* _Given records_:
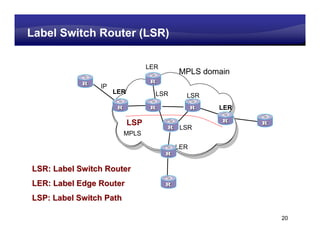 Learning Center
Label Switch Router (LSR)

                                 LER
                                         MPLS domain
                IP
                     LER           LSR     LSR
                                                 LER

                           LSP
                                         LSR
                         MPLS

                                         LER


LSR: Label Switch Router
LER: Label Edge Router
LSP: Label Switch Path

                                                                20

* _Task prompt_: An exact transcription of the material is required, without any pictures.

* _Reply to the task_:
 Learning Center
Label Switch Router (LSR)

                                 LER
                                         MPLS domain
                IP
                     LER           LSR     LSR
                                                 LER

                           LSP
                                         LSR
                         MPLS

                                         LER


LSR: Label Switch Router
LER: Label Edge Router
LSP: Label Switch Path

                                                                20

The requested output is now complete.